Yo las miraba en silencio, sin atreverme jamás a dirigirles una palabra, un saludo, un gesto que dejara en evidencia el deseo desmesurado que sentía mi alma por acercarse a ellas y mostrarles mi admiración por sus manos casi niñas, por ese pelo tan negro como una porción de noche rezagada sobre el que el rocío de la primera ducha de la mañana había dejado un perfume inconfundible a mujer madrugadora y hacendosa.

Nunca logré decirles lo que sentía por ellas, a los tímidos se nos va la lengua por los ojos. Pero yo las amaba cuando era joven, y las sigo amando todavía.

Las he admirado en silencio, como a un rayo de luna becqueriano.

Muchas mañanas de muchos días siento nostalgia de ese tren primerizo donde se sientan ellas. Mujeres casi recién estrenadas, niñas en flor a las que ilumina la frente la ilusión del primer trabajo, ninfas ensimismadas en no sé qué misterios siempre inaccesibles a los hombres.

En ocasiones viajan solas con su bolso y uno daría cualquier cosa por saber qué llevan dentro; pero entonces son como estatuas de carne que pasan los ojos sobre las páginas de un libro o miran al horizonte con seriedad de diosas.

Sin embargo, cuando están acompañadas, suelen reír, y su risa ha sido para mí en todo momento como el repicar de la campana de un barco lejano llamándome a un viaje que ahora sé que nunca realizaré.

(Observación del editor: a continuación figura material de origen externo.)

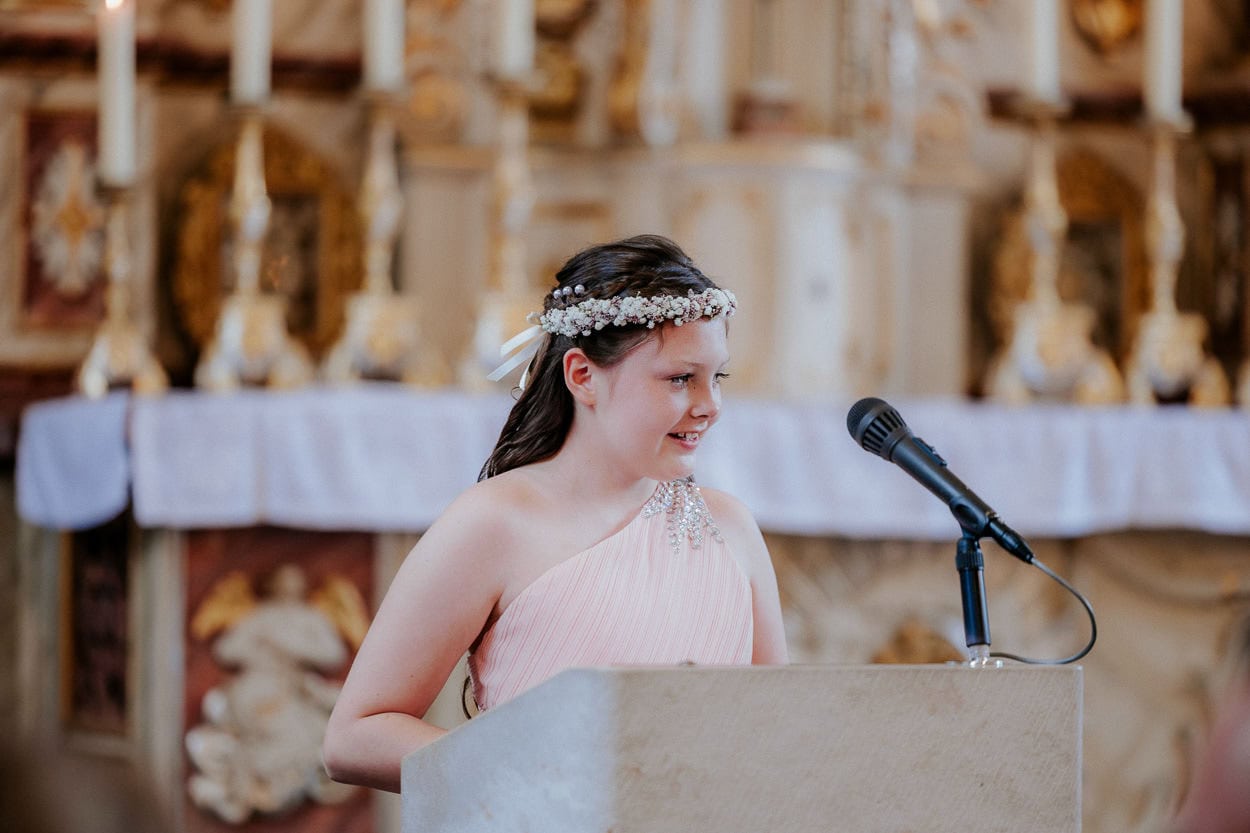 Mädchen mit Blumenkranz hält eine Rede am Rednerpult vor dem Altar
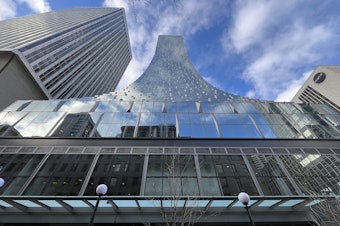 caption: Rainier Square Tower includes 189 apartments in its upper floors. 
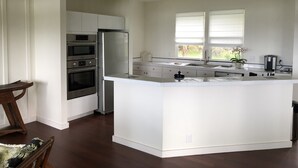 A modern kitchen with white cabinetry, a central island, and a built-in oven.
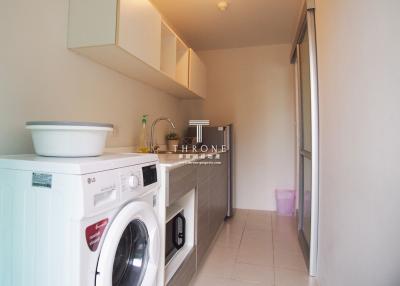 Modern home laundry room with washer and cabinets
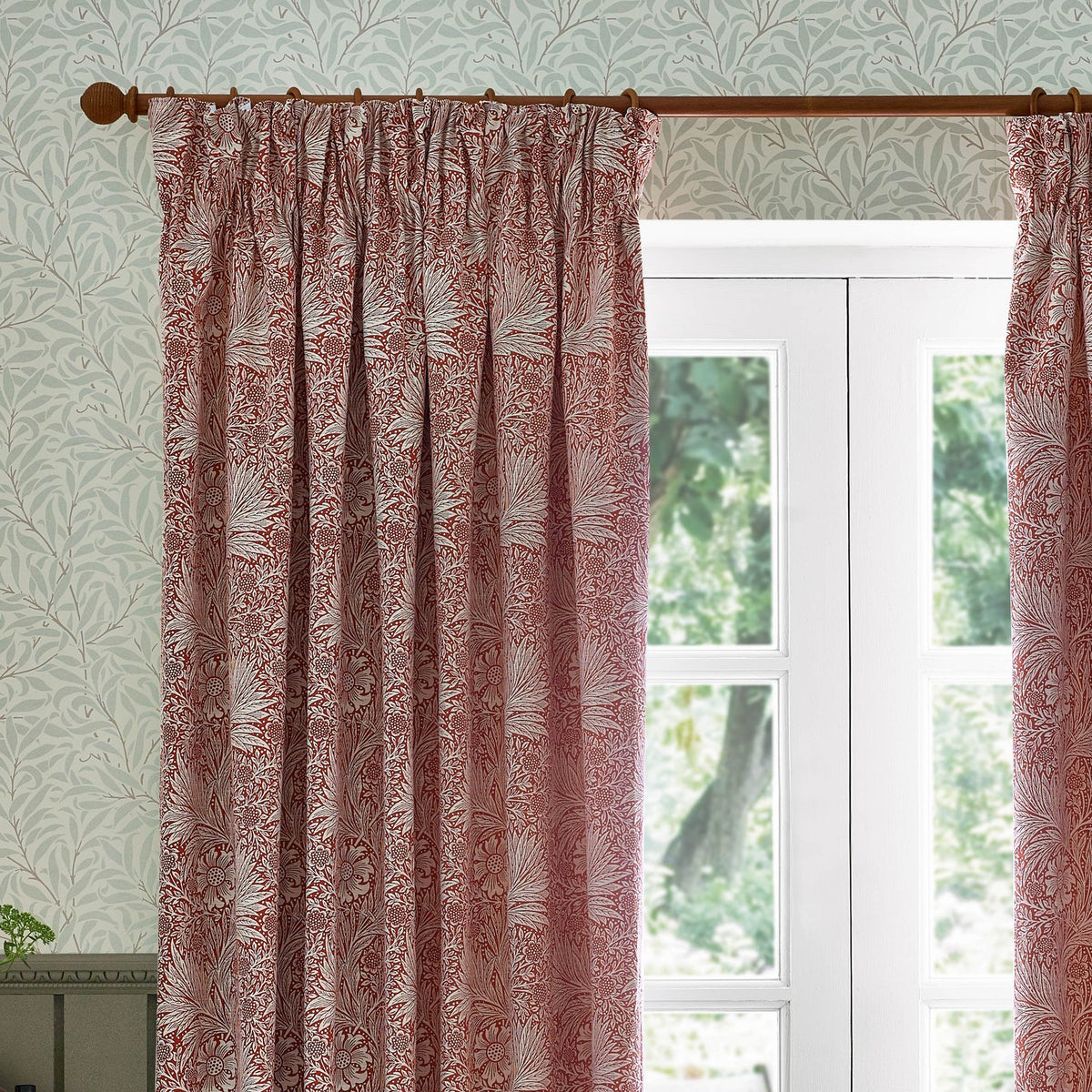 Marigold Jacquard pencil pleat curtains in russet, showing a foliage and sunburst floral pattern woven in polyester, hung on a wooden pole beside a white-framed window.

Hace tiempo que le debía este artículo a esa mujer que se llamaba Danuta y a la que jamás he dirigido una palabra.

Ni siquiera sabía que ese era su nombre, sólo tenía la certeza de que su cara, sus manos, su sencilla presencia han hecho mi vida más amable y llevadera. Y hoy he visto su rostro en el periódico y he descubierto que se llamaba Danuta, que tenía veintiocho años, que era modista, que había nacido en un pequeño pueblo de Polonia, que el infortunio la empujó hasta una estación de tren de cercanías en Alcalá de Henares.

He sabido, por fin, que tu nombre era Danuta, pero también Eva y Teresa y Marión y Pilar, que tenías tantos nombres como rostros, que todas las mañanas tu mala suerte de niña humilde te obligaba a coger un tren que te llevase hacia tu destino de hilos y algodones, acaso sólo para regalarnos a los que sabíamos mirarte ese sueño lírico que ibas derramando en cada bostezo.

Pero han bastado un puñado de asesinos, incapaces de entender que tu sonrisa es la sal de la tierra, para cercenar de un golpe brutal tu blanca frente.

Han dejado el mundo lleno de ausencias y a tu bolso desangrándose para siempre en un andén calcinado de mi corazón.